### WHAT YOU ARE ASKED TO DO
Your task is to copy every record exactly.

[Caption-style text data]
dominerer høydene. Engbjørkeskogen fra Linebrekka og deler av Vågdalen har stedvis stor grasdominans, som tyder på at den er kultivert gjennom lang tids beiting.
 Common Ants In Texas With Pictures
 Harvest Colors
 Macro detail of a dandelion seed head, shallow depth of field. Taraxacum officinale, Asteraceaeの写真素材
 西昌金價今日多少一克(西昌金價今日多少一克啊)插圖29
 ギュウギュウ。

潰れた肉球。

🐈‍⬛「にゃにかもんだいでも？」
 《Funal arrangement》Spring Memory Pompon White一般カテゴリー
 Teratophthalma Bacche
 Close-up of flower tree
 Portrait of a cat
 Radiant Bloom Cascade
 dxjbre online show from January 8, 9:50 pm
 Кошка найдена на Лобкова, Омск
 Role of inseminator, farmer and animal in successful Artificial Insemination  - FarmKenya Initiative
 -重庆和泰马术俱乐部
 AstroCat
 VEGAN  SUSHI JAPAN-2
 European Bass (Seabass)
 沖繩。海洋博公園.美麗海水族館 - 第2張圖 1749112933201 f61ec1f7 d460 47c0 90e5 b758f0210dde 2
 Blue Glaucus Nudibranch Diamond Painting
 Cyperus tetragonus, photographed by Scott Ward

### EXPECTED ANSWER
dominerer høydene. Engbjørkeskogen fra Linebrekka og deler av Vågdalen har stedvis stor grasdominans, som tyder på at den er kultivert gjennom lang tids beiting.
 Common Ants In Texas With Pictures
 Harvest Colors
 Macro detail of a dandelion seed head, shallow depth of field. Taraxacum officinale, Asteraceaeの写真素材
 西昌金價今日多少一克(西昌金價今日多少一克啊)插圖29
 ギュウギュウ。

潰れた肉球。

🐈‍⬛「にゃにかもんだいでも？」
 《Funal arrangement》Spring Memory Pompon White一般カテゴリー
 Teratophthalma Bacche
 Close-up of flower tree
 Portrait of a cat
 Radiant Bloom Cascade
 dxjbre online show from January 8, 9:50 pm
 Кошка найдена на Лобкова, Омск
 Role of inseminator, farmer and animal in successful Artificial Insemination  - FarmKenya Initiative
 -重庆和泰马术俱乐部
 AstroCat
 VEGAN  SUSHI JAPAN-2
 European Bass (Seabass)
 沖繩。海洋博公園.美麗海水族館 - 第2張圖 1749112933201 f61ec1f7 d460 47c0 90e5 b758f0210dde 2
 Blue Glaucus Nudibranch Diamond Painting
 Cyperus tetragonus, photographed by Scott Ward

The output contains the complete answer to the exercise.